Matt Largey, news editor at KUT Radio, NPR’s affiliate in Austin, said KUT’s website experiences a 10-to-20-percent drop in traffic during the summer months.
“If you just look around here during the summertime, any given week you have one, two, or three people on vacation,” he sad. “We’re a rather small operation, so if you extrapolate that out …”
How to speed up when things slow down
Largey said one of the strategies KUT uses to deal with a vacation-time skeleton crew is to create content that makes the summer special. It’s a tried and true strategy that’s been around since those ancient times when print media ruled the Earth.
“We do a summer series called Summer School that is kind of fun,” Largey said. “It’s not particularly newsie. It’s a series where a reporter goes out and learns something new. It’s multimedia, on the radio and our website. It’s something we do to attract more people to our website.”
Publishers also have to think way beyond their local and domestic audience. The entire world is hungry for content, and appealing to an international audience is a proven way to attract readers year round.
“One of the things that places are noticing is the importance of traffic internationally and how that affects things that we’re looking at,” said Sree Sreenivasan, chief digital officer at the Metropolitan Museum of Art and professor at the Columbia Graduate School of Journalism. “The country that’s the most surprising on news site traffic is India. India is number two or number three for everything from The New York Times to NPR to The New Yorker just because of all the English speakers there. In India, they’ve never heard of National Public Radio, but they’re showing up on their website. The New Yorker might sell two subscriptions in all of India, but their website is huge there.”
Matejko agreed. He said it isn’t uncommon for him to wake up to a slew of tweets from around the world about his content. “Thirty percent of our Twitter followers are from outside of the U.S.,” Matejko said. “These people can access our content any place, any time. It’s just a matter of monitoring your readership … and heeding those demands.”
Sreenivasan explained why publishers like Matejko are literally attracting readers in every waking moment.

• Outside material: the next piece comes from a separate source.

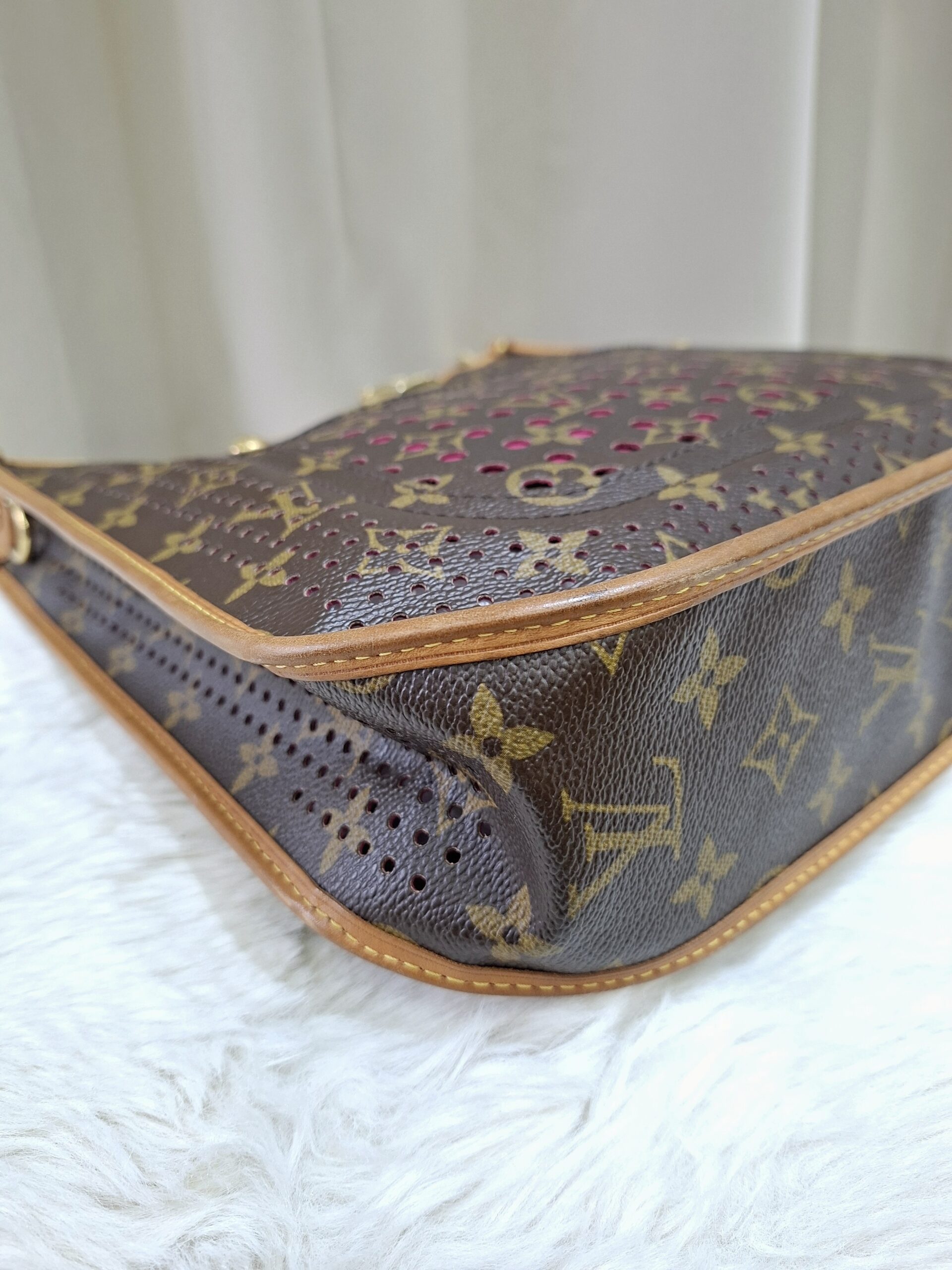 LV Perforated Musette LV Perforated Musette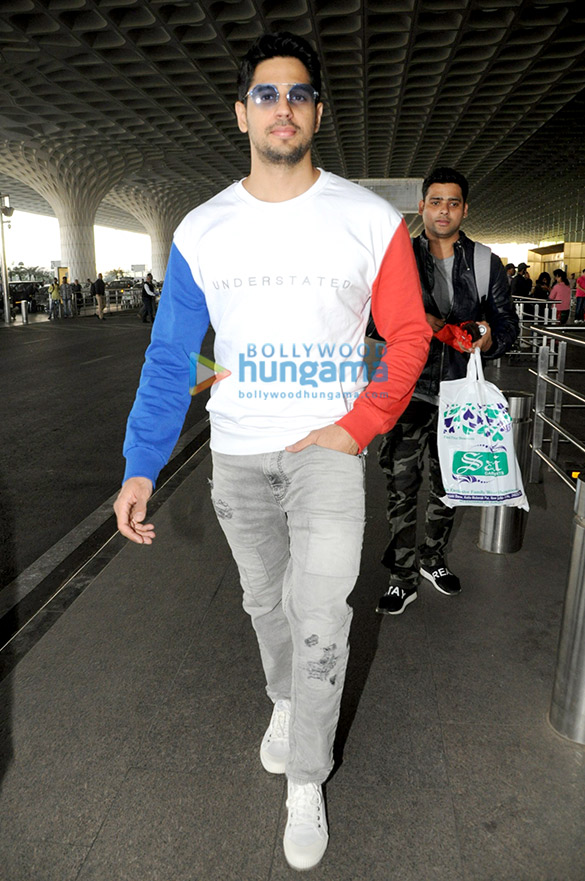 Sidharth Malhotra, Shraddha Kapoor and others snapped at the airport Sidharth Malhotra, Shraddha Kapoor and others snapped at the airport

“We’ve changed as a society. We’ve changed as consumers,” Sreenivasan said. “We’ve changed as people who manage our time in different ways. All of that, I think, is reflected in changes that we’re seeing in traffic patterns on websites. When websites first came along, there was a bell curve. People on the East Coast went to their offices and at nine o’clock, traffic would start on your website. It would start peaking around noon, one o’clock, two o’clock, and start going downhill from there before petering out.”
“A lot has changed now because people are going online when they wake up, ” he added. “They’re not driving to work, sitting at a desk, and thinking, ‘Oh, I’m going to go on the web.’ They’re just on the web automatically—for social, email, and links through the iPad, iPhone, and all of that.”
There is no reason to accept a summer slowdown as inevitable. These days, a publisher can attract a large audience any time of year as long as they are churning out compelling content.
Manhattan’s summer is Rio de Janeiro’s winter. The audience is out there. It’s just a matter of identifying it and giving them what they want.
It’s also important to note that no matter how much and how quickly the world changes, people will likely always take breaks and behave differently during the summer months. Nothing—absolutely nothing—will be able to fully fight the truisms expressed by Will Smith in his classic ode, “Summertime.”